The data

╔══

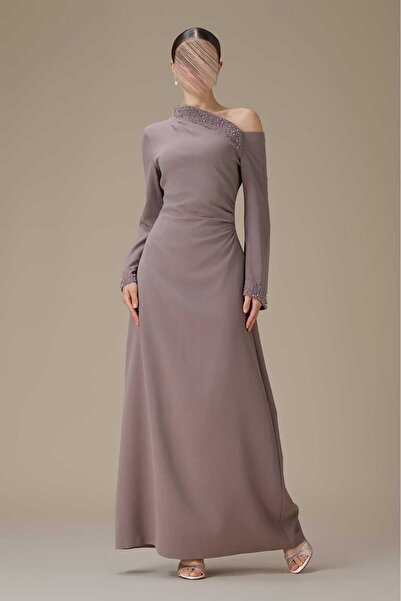 Rama One Shoulder Long Evening Dress with Shiny Embroidery
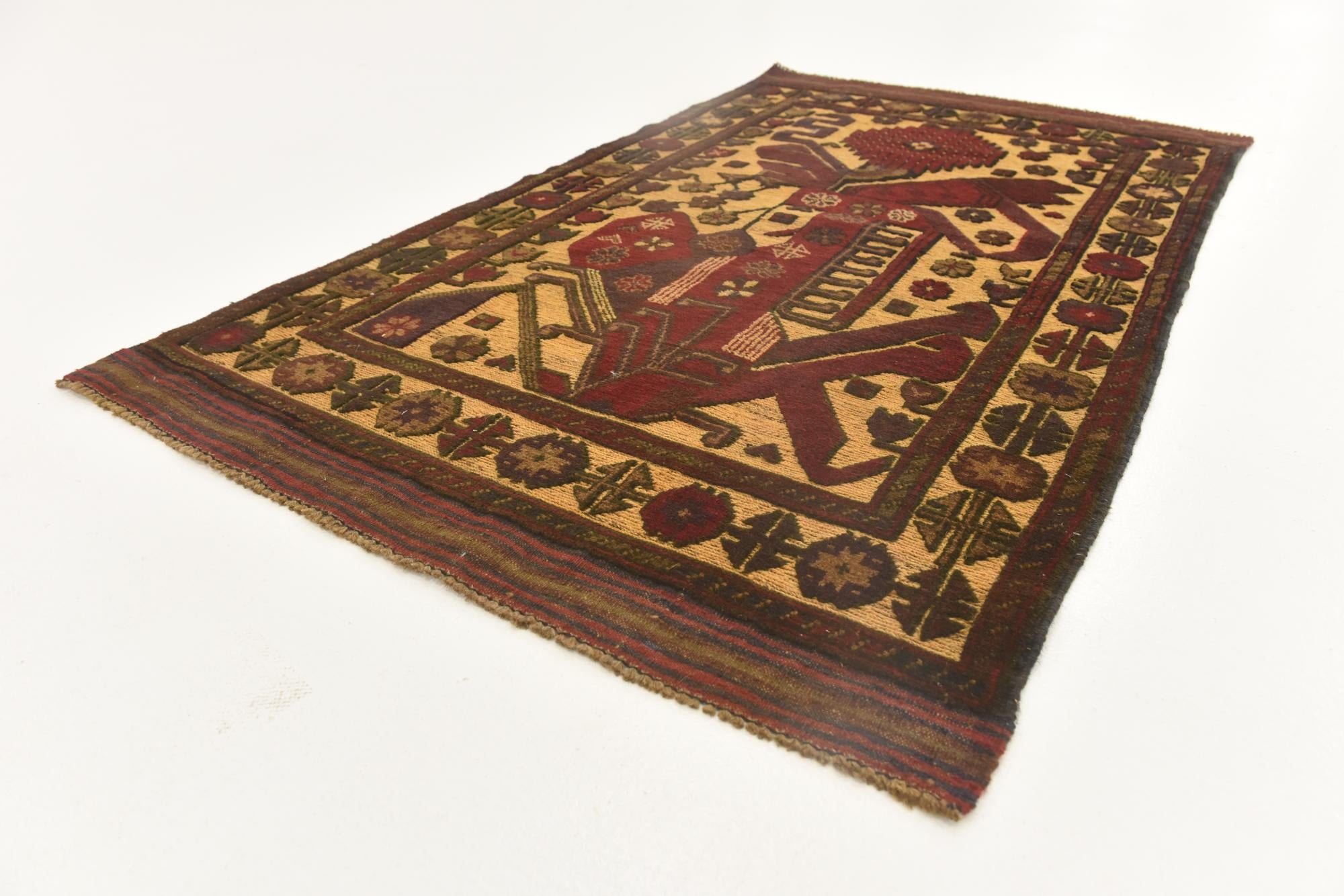 3' x 5' Hand Knotted Sumak Wool Rug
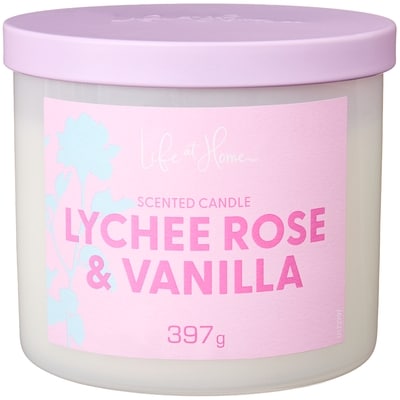 Life at Home Lychee Rose and Vanilla Scented Candle 1 ea, $16.00/1ea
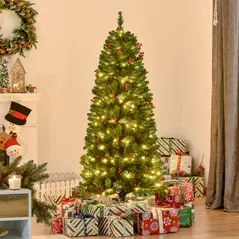 HOMCOM 5FT Prelit Artificial Pencil Christmas Tree with Warm White LED Light, Red Berry, Holiday Home Xmas Decoration, Green - 2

╚══

Directions
When you repeat the material above, keep every word exact and leave out the pictures.

Exercise output
 Rama One Shoulder Long Evening Dress with Shiny Embroidery
 3' x 5' Hand Knotted Sumak Wool Rug
 Life at Home Lychee Rose and Vanilla Scented Candle 1 ea, $16.00/1ea
 HOMCOM 5FT Prelit Artificial Pencil Christmas Tree with Warm White LED Light, Red Berry, Holiday Home Xmas Decoration, Green - 2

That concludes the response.